Anyway, you seem out of grasp on system engineering. Your reply downthread isn't applicable (of course fail-safes can fail, anything can fail). If you want to learn more on this area (not everybody wants, and its ok), following that link of system theory books on the wiki may be a good idea. Or maybe start at the root:
"Notice that there is a huge amount of handwaving in system engineering. I don't think this is good, but I don't think it's avoidable either."
In my experience, you can be specific, but then you get the problem that people think that if they just 'what if' a narrow solution to the particular problem you're presenting they've invalidated the example, when the point was 1. that this is a representative problem, not this specific problem and 2. in real life you don't get a big arrow pointing at the exact problem 3. in real life you don't have one of these problems, your entire system is made out of these problems, because you can't help but have them, and 4. availability bias: the fact that I'm pointing an arrow at this problem for demonstration purposes makes it very easy to see, but in real life, you wouldn't have a guarantee that the problem you see is the most important one.

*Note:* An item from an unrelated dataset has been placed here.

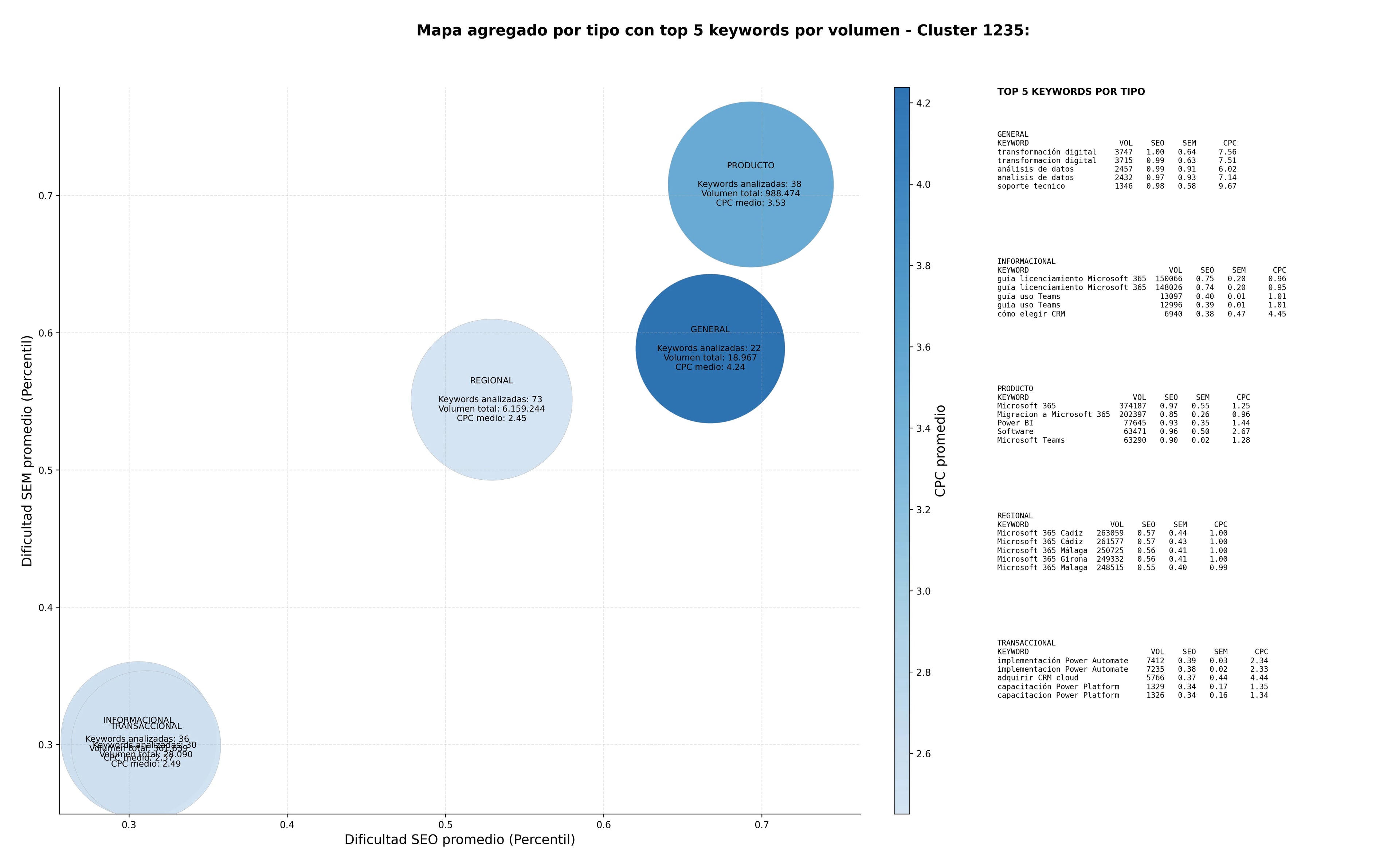 paabras clave transaccionales consultoría tecnológica, análisis de datos, soluciones de ERP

There's a certain mindset that can only be acquired through experience. Then you can talk systems engineering to other systems engineers and it makes sense. But prior to that it just sounds like people making excuses or telling silly stories or something.
"(of course fail-safes can fail, anything can fail)"
Another way to think of it is the correlation between failure. In principle, you want all your failures to be uncorrelated, so you can do analysis assuming they're all independent events, which means you can use high school statistics on them. Unfortunately, in real life there's a long tail (but a completely real tail) of correlation you can't get rid of. If nothing else, things are physically correlated by virtue of existing in the same physical location... if a server catches fire, you're going to experience all sorts of highly correlated failures in that location. And "just don't let things catch fire" isn't terribly practical, unfortunately.
Which reiterates the theme that in real life, you generally have very incomplete data to be operating on. I don't have a machine that I can take into my data center and point at my servers and get a "fire will start in this server in 89 hours" readout. I don't get a heads up that the world's largest DDOS is about to be fired at my system in ten minutes. I don't get a heads up that a catastrophic security vulnerability is about to come out in the largest logging library for the largest language and I'm going to have a never-before-seen random rolling restart on half the services in my company with who knows what consequences. All the little sample problems I can give in order to demonstrate systems engineering problems imply a degree of visibility you don't get in real life.
I mean it has to be play with words or tongue in cheek simply b/c the assumption of a fail-safe system failing is already contradictory. So you cannot say anything smart about that beyond - there are no fail-safe systems that fail.